Comcast finally fixed my internet connection. I am grateful but feel guilty. Blogathon is dead. I have failed. I apparently cannot commit to anything. Therefore, I am not going to continue pressuring myself to stick to this. If I feel like writing again, I shall write. If I do not feel like writing again, I won’t. That is all I have to say for now. Who knows what the future holds for me or you? I cannot tell, but shall it be grand?
Woe is me, for my internet is dead.
This not-having-internet thing is a really bother. A lot of my life is spent on the Internet, and so I have lost a lot of my life. #blogathon is struggling. I’m not up-to-date on practically any of the topics I usually keep up with. Also, I have tons of free time with nothing to fill up the monotony. I wish I could entertain myself outside of the internet but somehow, I have lost that ability.
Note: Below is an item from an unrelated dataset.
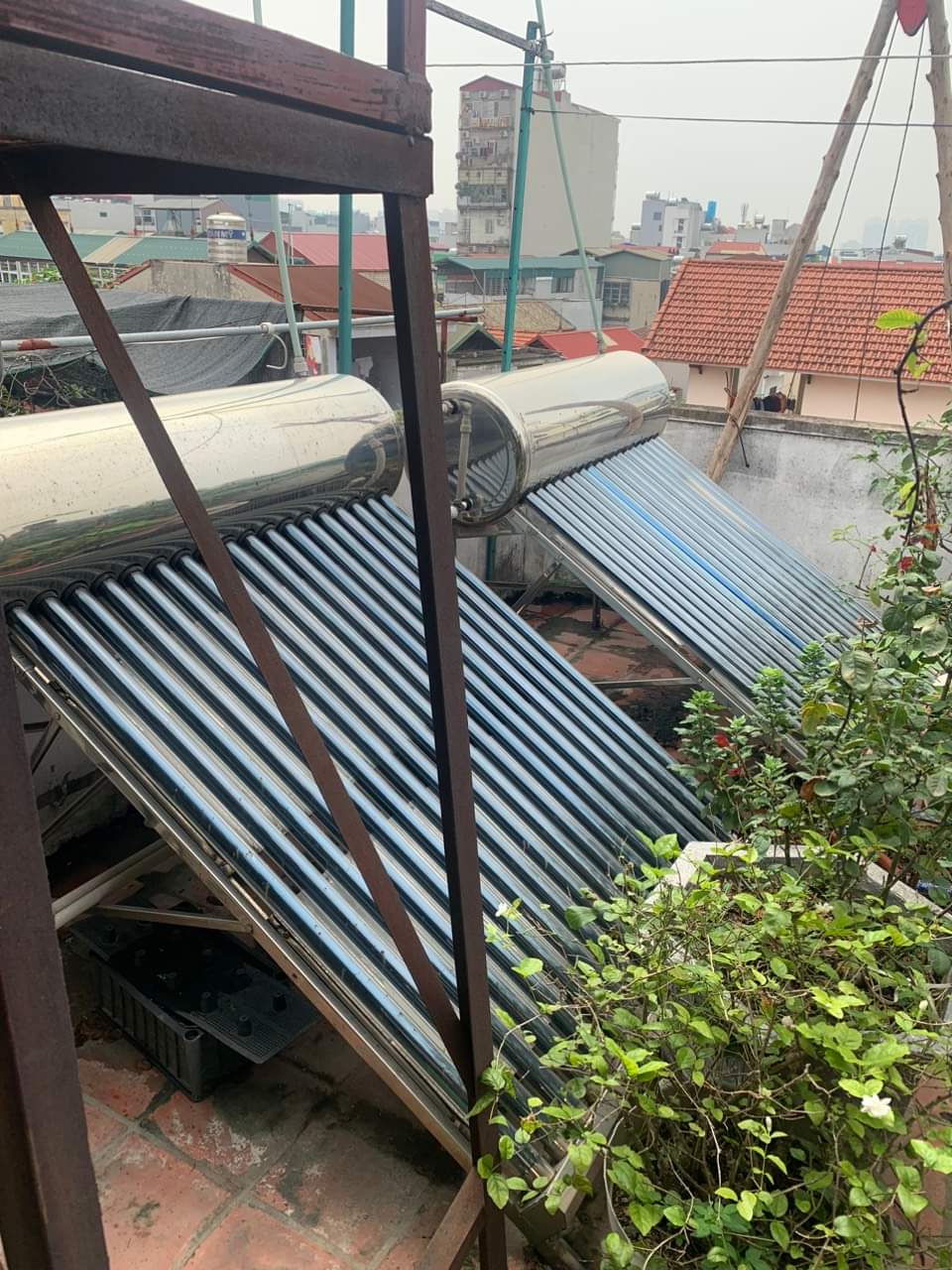 Sửa Máy Nước Nóng Năng Lượng Mặt Trời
So, I pass the days away by strumming a ukulele, doing yard work, and thinking about stuff. I’m really good about thinking about stuff. Other than that, I have nothing to do. It’s incredibly frustrating to have no idea what I’m supposed to be doing. Help.
I’ve been learning to play the ukulele for one year now. I haven’t gotten very far, but I keep trying. I think it’s a worthy skill to learn, but I’m not sure why. I’m not particularly talented, and it’s highly unlikely I’ll ever be amazing or even make or produce music.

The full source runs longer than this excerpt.